The purpose of advance payments is to put the claimant in a financial position, so far as is possible and as early as is possible, so that it can re-order its affairs and go about its life with the minimum of disruption. In the majority of cases the claimant will find it necessary either to move to house, if their home is acquired, or to move to other business premises, in order to avoid closure of their business.

In either case, as a move must necessarily take place at the time of dispossession, it follows that the majority of claimants are forced to fund their relocation as best they can before receiving any compensation and indeed in advance of receiving any advance payment.  Where residential properties are subject to a mortgage, delay in the making of an advance payment can create further financial difficulties.

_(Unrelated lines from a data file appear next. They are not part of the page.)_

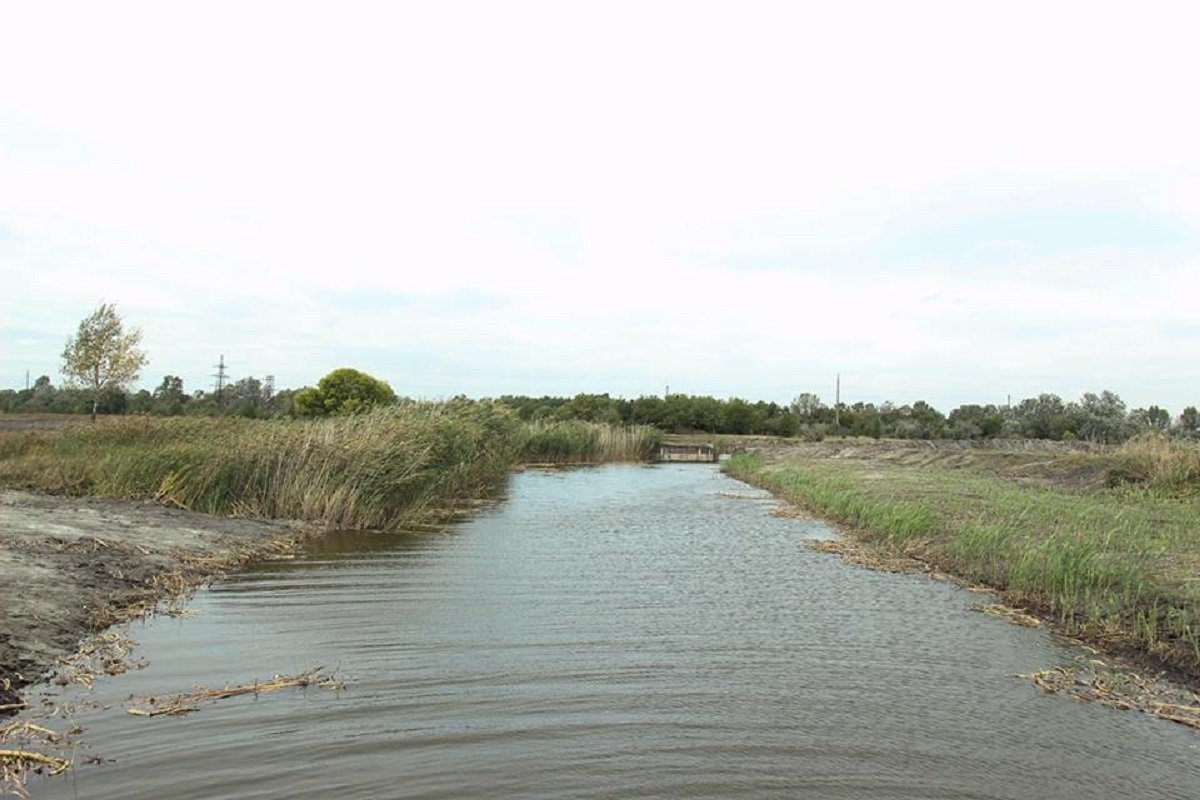 По словам местных жителей, появилась рыба, вернулась дичь По словам местных жителей, появилась рыба, вернулась дичь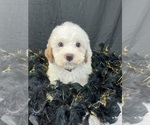 Small Photo #2 Cavapoo Puppy For Sale in BULLARD, TX, USA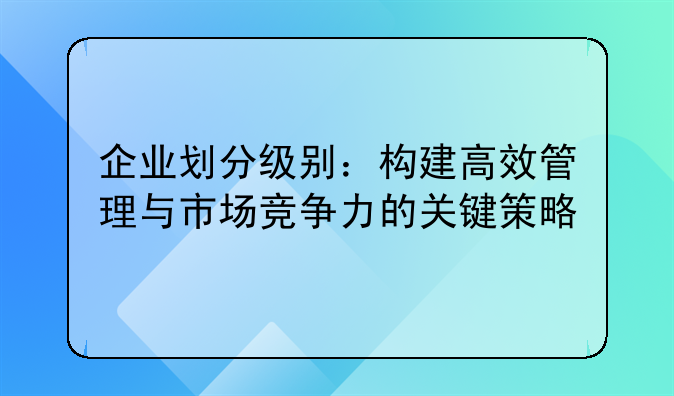 企业划分级别：构建高效管理与市场竞争力的关键策略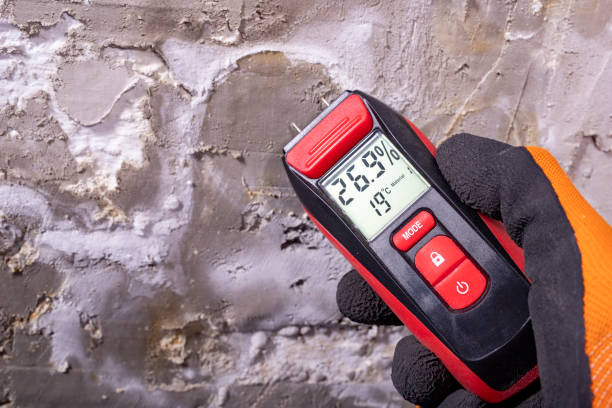 Best Black Mold Removal  in , CO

In the context of promoting economic growth, which is the fundamental objective underpinning the Growth and Infrastructure Bill, it goes without saying that property owners and businesses should not be subject unduly to unnecessary financial stress and disruption.

The Solution
The legislation should include additional provisions as follows:

Prescribed claim form
The written notice requesting an advance payment under section 52 should be in a prescribed form and have prescribed content such as, for example, claim forms under Part 1 of the Land Compensation Act 1973.
The prescribed content of the advance payment request should balance the needs of the authority for reasonable information with the level of information a claimant can practically be expected to provide in the early stages of a claim. A potential and beneficial side-effect of a prescribed procedure could be that negotiations might be shortened by incentivising claimants to provide a more fully reasoned claim together with supporting evidence earlier on in the process.

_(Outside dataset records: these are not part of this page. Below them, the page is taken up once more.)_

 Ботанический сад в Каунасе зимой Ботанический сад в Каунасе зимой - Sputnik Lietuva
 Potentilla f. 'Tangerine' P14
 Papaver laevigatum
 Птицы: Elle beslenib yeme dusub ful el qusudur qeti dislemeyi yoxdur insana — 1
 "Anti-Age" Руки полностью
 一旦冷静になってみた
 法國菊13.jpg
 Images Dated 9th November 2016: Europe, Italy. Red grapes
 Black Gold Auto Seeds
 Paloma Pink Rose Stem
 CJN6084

Mechanism for enforcing making of payments by acquiring authorities
Section 52 in its current form lacks any “teeth”.  There is no mechanism whereby a claimant can require an acquiring authority to pay an advance payment except by seeking a mandatory order in judicial review proceedings which would be likely to take many months to progress through the courts. Section 52 needs to be amended so as to provide an enforcement procedure whereby an acquiring authority can be ordered by, say, the Upper Tribunal (Lands Chamber) to make an advance payment on the Tribunal being satisfied that the acquiring authority has been provided with the required detail identified by the prescribed notice of claim.

Advance payment before taking of possession
As noted above, an advance payment is only made once possession is taken. Where a business is relocating in advance of possession however, it will often be incurring substantial up-front expenditure which the present regime expects the business to fund itself, recovering such items of cost which are compensatable under the statutory compensation code once possession has been taken.  But in present economic circumstances, a business may find it impossible to borrow sufficient money to fund its relocation.  Home and property owners also face similar problems, although without an interruption of their business.
Section 52 needs to be amended so that acquiring authorities can make advance payments of compensation before possession is taken, thereby assisting those relocating to do so with the minimum of stress and financial burden.

Conclusion
Section 52 of the Land Compensation Act 1973 should be amended to provide for:

  • A prescribed form of request or claim for an advance payment of compulsory purchase compensation;
  • A mechanism for enforcing the making of appropriate advance payments by acquiring authorities;
  • The making of an advance payment in advance of possession being taken.